On August 7, 2023, Defendant filed an
IDC Form which indicates that the issues set forth in the motion were resolved
and that Defendant agreed to pay for the Court reporter and that Defendant
would be present for a second deposition. Such form also indicates that
Defendant agreed to answer all questions and reasonable follow-up questions
related to the questions raised in the motion. In summary, the IDC form
indicates that the issues raised in the motion were resolved.
On
August 14, 2023, an Informal Discovery Conference (“IDC”) was held, and the
Court ordered Plaintiff’s counsel to prepare and submit a Notice of Outcome
within five court days. (08/14/23 Minute Order.) The Court noted that “[t]he
issues have not been resolved.” (08/14/23 Minute Order.)
On
August 21, 2023, Plaintiff filed and served a Notice of Outcome. The Notice of
Outcome states that “[a]lthough it appeared at the IDC that the discovery
dispute was fully settled . .. there is no full resolution.” (See Notice
of Outcome, 2:8-10.) Plaintiff indicated that “Defendant’s counsel will not
instruct Defendant to refrain from making comments about the questions at the
second deposition; and Defendant will not answer all the questions in dispute,
including regarding the paternity of the children of Defendant’s live-in
girlfriend at the accident scene.” (Notice of Outcome, 2:11-14.)
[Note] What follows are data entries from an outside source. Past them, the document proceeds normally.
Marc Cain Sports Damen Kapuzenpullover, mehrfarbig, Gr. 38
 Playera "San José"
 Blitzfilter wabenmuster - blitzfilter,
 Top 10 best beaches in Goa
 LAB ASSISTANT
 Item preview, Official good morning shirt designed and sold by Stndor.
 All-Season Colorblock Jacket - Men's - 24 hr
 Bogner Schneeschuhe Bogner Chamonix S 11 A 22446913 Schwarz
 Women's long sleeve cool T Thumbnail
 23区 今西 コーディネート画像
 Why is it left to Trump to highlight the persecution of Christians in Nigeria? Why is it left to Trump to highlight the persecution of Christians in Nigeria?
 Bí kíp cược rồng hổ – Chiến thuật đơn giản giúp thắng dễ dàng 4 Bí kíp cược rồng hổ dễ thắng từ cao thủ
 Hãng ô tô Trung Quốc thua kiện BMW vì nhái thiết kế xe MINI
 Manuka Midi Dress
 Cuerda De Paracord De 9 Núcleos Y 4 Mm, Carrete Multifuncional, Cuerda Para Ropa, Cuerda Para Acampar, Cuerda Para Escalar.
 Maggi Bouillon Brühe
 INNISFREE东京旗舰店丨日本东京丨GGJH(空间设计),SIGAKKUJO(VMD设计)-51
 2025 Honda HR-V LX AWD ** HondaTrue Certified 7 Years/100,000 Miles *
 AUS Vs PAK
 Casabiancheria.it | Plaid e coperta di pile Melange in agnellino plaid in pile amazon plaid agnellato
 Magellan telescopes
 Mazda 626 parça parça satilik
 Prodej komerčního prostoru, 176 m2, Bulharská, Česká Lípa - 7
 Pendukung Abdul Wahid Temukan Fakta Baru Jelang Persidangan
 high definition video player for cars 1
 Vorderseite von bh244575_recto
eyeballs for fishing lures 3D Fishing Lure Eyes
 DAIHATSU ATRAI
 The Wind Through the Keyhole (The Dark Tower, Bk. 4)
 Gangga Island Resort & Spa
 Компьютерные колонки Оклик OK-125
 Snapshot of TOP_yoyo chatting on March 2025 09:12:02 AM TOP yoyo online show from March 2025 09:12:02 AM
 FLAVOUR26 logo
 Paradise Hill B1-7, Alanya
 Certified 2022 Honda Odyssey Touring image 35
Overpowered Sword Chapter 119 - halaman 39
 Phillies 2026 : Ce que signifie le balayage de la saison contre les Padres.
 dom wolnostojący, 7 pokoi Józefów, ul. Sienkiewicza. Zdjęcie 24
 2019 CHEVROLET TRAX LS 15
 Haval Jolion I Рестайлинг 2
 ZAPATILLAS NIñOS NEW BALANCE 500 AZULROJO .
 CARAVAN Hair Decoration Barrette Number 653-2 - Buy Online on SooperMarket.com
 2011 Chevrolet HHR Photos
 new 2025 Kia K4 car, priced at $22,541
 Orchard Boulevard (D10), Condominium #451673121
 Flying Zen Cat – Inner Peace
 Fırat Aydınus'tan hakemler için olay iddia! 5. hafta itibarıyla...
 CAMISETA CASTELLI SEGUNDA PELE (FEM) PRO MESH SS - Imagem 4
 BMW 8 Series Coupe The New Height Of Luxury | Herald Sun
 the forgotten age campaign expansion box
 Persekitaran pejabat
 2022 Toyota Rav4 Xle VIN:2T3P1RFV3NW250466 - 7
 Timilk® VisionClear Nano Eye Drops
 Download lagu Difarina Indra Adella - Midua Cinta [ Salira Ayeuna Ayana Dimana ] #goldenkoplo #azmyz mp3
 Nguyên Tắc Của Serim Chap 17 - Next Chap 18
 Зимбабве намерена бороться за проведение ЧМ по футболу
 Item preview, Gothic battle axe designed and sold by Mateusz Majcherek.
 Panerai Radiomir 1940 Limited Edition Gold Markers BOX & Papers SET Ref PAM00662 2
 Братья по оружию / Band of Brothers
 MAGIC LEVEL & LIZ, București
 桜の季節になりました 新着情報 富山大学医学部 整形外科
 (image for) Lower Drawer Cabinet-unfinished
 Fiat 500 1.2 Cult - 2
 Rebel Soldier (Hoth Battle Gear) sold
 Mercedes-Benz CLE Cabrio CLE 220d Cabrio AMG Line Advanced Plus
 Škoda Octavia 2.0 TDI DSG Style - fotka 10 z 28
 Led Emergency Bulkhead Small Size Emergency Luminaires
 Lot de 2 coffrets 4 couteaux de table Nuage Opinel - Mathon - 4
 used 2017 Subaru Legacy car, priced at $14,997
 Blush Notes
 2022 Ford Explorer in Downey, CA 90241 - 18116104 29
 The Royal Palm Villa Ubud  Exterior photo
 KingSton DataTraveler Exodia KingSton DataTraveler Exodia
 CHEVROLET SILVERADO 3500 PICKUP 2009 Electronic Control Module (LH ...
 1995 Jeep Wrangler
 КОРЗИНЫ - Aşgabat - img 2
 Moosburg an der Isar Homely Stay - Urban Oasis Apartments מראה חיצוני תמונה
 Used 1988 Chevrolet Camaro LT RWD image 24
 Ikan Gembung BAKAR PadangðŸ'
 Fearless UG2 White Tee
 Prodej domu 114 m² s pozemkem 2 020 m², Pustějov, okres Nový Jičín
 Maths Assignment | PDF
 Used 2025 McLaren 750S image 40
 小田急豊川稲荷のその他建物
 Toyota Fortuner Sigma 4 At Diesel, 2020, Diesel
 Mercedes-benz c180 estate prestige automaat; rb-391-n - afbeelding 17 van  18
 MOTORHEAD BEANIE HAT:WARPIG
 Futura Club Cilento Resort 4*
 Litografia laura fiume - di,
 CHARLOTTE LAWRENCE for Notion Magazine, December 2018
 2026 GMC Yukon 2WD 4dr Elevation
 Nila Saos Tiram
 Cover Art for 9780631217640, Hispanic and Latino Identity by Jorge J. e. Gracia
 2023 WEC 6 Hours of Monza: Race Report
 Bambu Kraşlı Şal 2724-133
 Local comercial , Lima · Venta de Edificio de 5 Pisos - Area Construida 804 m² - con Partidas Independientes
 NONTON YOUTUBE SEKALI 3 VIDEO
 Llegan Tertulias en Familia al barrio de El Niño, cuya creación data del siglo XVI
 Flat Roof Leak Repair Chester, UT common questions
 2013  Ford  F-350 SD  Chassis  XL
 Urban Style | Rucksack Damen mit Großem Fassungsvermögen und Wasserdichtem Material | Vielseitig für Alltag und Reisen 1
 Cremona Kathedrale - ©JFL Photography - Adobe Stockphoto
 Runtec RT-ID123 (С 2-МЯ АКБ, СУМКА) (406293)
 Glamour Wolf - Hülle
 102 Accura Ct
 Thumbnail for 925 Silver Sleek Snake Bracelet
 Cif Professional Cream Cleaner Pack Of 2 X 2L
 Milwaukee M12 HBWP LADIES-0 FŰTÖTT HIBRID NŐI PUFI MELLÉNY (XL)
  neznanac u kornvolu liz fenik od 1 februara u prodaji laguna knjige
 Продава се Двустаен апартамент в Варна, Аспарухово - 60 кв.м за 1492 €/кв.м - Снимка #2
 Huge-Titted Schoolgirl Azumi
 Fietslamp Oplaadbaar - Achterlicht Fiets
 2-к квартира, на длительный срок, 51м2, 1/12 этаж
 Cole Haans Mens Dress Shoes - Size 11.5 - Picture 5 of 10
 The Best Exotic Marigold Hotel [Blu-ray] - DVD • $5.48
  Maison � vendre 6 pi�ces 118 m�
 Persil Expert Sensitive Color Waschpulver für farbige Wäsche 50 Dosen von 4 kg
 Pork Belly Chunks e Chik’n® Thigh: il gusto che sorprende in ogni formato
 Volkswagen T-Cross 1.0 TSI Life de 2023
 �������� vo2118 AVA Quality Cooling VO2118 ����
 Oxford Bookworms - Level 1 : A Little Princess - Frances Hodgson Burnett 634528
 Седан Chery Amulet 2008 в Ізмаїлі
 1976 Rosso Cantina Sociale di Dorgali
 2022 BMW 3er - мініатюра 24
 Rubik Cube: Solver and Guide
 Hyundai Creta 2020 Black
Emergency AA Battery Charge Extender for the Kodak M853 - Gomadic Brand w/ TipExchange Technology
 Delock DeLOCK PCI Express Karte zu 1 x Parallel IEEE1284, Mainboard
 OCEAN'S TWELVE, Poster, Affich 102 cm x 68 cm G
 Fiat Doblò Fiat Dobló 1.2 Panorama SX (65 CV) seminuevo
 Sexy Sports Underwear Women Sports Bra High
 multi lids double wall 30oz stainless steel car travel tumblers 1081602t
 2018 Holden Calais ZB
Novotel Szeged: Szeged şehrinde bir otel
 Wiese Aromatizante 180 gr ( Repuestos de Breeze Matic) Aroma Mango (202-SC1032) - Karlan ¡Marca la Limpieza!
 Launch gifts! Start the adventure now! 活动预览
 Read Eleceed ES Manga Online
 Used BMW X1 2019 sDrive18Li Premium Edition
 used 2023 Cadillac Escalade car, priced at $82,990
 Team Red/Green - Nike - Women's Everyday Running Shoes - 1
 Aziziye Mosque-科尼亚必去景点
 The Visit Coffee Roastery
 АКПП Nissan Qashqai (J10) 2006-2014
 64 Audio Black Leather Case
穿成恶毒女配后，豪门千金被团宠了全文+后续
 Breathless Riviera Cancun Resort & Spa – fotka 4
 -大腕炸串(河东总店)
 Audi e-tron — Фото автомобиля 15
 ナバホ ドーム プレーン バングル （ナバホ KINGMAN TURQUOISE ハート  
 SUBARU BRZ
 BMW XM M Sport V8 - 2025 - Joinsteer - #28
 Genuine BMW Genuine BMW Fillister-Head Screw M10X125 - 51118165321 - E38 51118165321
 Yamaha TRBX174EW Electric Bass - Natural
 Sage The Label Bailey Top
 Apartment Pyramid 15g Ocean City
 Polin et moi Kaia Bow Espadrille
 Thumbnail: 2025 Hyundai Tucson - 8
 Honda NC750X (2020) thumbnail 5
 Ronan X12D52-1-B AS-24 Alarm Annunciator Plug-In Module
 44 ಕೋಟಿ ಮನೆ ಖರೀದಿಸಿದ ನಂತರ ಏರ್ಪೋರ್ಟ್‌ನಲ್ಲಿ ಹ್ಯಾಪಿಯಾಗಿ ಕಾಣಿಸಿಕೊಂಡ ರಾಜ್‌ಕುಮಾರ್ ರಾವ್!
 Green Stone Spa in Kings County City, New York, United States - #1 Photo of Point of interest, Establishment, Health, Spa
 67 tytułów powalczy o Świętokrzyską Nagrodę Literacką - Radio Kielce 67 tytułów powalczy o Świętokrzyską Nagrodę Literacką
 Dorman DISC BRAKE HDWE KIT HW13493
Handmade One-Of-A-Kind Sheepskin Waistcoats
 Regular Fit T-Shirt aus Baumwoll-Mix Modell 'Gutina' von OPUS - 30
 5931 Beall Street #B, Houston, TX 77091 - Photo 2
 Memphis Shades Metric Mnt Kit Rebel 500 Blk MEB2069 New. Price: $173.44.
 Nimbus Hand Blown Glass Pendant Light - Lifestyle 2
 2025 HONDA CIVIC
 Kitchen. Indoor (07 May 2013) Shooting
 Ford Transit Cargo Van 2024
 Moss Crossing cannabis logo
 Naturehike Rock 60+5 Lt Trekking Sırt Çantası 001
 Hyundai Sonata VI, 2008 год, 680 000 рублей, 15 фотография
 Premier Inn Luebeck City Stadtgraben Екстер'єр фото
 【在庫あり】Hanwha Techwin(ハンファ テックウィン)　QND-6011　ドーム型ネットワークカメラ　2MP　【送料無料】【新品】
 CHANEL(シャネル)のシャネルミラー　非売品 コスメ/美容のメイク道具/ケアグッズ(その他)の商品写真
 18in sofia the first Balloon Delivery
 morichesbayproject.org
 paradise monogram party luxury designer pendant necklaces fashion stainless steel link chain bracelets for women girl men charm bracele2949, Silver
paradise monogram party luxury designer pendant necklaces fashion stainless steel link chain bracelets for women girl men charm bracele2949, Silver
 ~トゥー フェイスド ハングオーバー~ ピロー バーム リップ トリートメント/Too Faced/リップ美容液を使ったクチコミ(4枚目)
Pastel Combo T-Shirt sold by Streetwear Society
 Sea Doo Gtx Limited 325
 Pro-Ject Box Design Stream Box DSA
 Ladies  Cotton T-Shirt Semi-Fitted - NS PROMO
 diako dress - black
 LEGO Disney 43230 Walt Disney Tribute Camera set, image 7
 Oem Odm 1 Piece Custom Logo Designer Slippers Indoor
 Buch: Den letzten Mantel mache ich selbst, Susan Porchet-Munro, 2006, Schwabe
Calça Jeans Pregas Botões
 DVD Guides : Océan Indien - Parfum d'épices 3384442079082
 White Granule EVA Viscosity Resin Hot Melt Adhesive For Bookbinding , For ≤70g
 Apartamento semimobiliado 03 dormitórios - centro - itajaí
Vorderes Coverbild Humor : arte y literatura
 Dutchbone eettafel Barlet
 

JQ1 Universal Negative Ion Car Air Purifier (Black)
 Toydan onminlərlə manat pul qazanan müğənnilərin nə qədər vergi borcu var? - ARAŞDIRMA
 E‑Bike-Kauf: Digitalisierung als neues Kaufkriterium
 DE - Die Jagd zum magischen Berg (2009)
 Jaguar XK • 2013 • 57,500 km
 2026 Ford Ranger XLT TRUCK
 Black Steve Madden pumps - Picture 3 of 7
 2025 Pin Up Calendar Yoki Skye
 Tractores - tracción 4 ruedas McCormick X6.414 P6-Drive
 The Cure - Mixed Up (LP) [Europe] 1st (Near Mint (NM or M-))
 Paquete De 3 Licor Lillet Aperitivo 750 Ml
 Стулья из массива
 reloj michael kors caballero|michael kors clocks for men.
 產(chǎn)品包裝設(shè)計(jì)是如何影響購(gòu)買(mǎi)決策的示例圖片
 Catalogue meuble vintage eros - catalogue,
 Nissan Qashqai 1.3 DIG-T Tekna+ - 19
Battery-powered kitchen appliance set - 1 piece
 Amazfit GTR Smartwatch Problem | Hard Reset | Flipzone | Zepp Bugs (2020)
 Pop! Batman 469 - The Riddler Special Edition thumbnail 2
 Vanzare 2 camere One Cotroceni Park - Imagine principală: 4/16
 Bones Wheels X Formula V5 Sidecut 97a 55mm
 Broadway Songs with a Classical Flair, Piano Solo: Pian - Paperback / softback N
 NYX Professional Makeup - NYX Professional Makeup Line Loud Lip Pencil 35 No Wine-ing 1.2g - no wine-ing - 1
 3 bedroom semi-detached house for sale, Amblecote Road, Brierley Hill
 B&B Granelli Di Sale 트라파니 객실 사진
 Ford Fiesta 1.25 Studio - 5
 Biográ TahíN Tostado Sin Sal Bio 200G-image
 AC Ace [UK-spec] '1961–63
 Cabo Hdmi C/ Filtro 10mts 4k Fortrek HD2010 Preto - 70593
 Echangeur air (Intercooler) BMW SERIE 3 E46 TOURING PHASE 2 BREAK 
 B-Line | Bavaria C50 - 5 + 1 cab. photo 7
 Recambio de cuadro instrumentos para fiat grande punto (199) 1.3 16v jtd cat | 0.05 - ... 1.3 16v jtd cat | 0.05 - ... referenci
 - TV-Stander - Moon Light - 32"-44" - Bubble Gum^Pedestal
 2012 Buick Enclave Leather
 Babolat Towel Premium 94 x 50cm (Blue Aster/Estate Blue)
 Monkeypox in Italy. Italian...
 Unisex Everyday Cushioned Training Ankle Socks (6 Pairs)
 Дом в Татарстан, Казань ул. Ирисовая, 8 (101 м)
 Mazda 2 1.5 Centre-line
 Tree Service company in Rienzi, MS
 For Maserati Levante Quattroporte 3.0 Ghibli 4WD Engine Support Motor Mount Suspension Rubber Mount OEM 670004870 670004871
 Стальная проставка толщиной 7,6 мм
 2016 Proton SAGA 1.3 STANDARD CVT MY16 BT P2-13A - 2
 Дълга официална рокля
Crux of the Instant Motion
According
to the separate statement in support of the motion, Plaintiff seeks an order
that Defendant produce scene photos at deposition, unredacted declaration of
coverages, answer questions about Defendant’s resident girlfriend and
reasonable follow-up questions thereto, and answer questions about whether he
cares that someone fell on his premises and reasonable follow-up questions
thereto.
Plaintiff’s Supplemental Motion
On October
30, 2023, Plaintiff filed and served a supplementary motion indicating that
“[a]lthough this discovery dispute appeared to settle a the IDC (Defendant’s
attorney appearing to agree to answer all the questions in dispute including
the identity of Defendant’s live-in girlfriend who witnessed some of the
construction that is the subject of the suit, produce scene photos, instruct
Defendant to not make his own objections, and to pay the entire cost of
deposition), Plaintiff filed a notice of outcome indicating otherwise due to
Plaintiff later learning that Defendant was refusing to pay for the entire cost
of the deposition . . . and . . . Defendant’s attorney refusing to agree to
instruct Defendant not to make comments amounting to making his own
objections.” (Supp. Motion, 2:10-18.)
Plaintiff
further argues in the supplementary motion that “[t]he Court . . . ruled at the
IDC that if the outcome was positive the deposition would occur by Sept 20 but
if it was negative then Plaintiff could hold off on the deposition and instead
file a supplementary motion by October 30, 2023.” (Supp. Motion, 2:18-20.)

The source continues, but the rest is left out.